Data block:
----------------------------------------
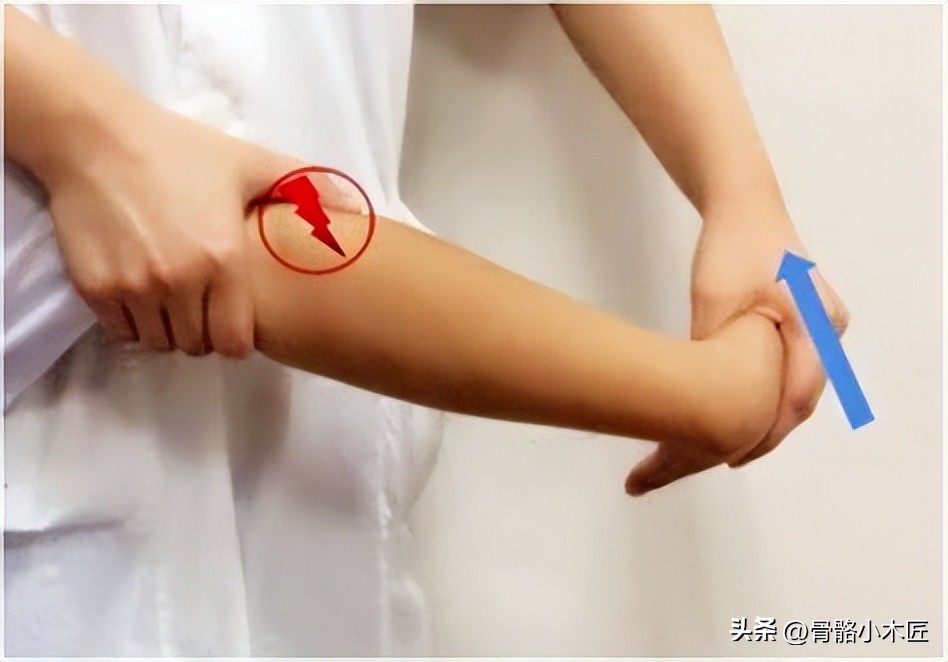 外伤肱骨外上髁炎,运动损伤的骨膜炎怎么治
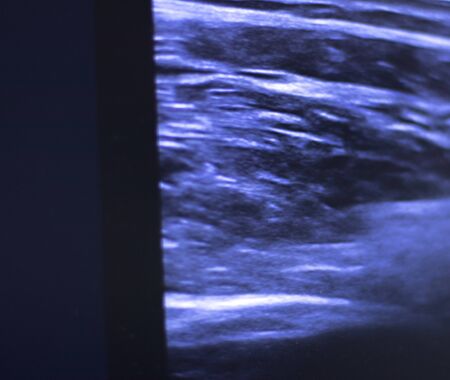 EPI Intratissue Percutaneous Electrolysis dry needling ultrasound ecography scan  physiotherapy...
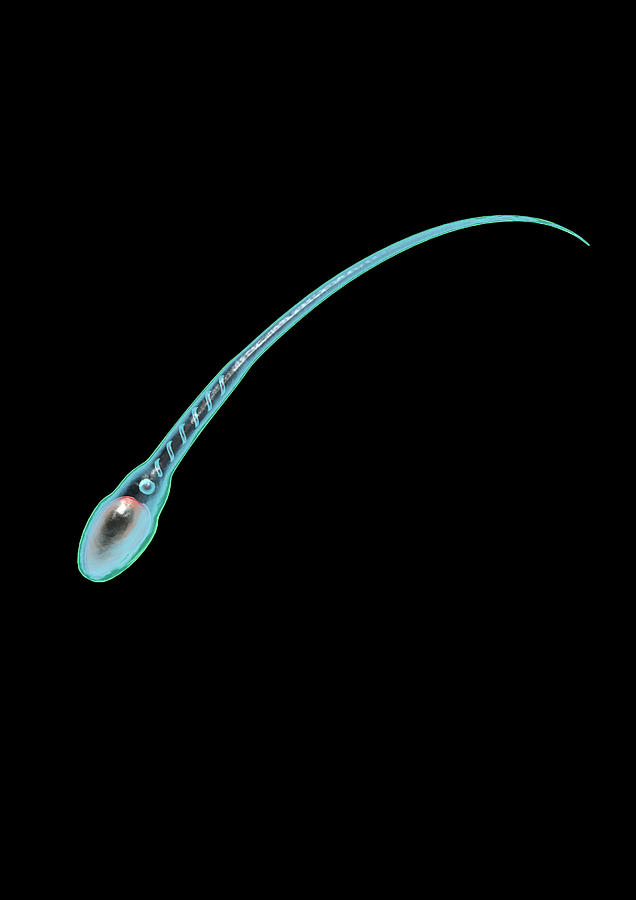 Sperm Cell, Computer Artwork Photograph by Robert Brocksmith - Fine Art ...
----------------------------------------
Your instructions:
None of the pictures belong in the copy; transcribe the rest of the data exactly.

Answer to this problem:
 外伤肱骨外上髁炎,运动损伤的骨膜炎怎么治
 EPI Intratissue Percutaneous Electrolysis dry needling ultrasound ecography scan  physiotherapy...
 Sperm Cell, Computer Artwork Photograph by Robert Brocksmith - Fine Art ...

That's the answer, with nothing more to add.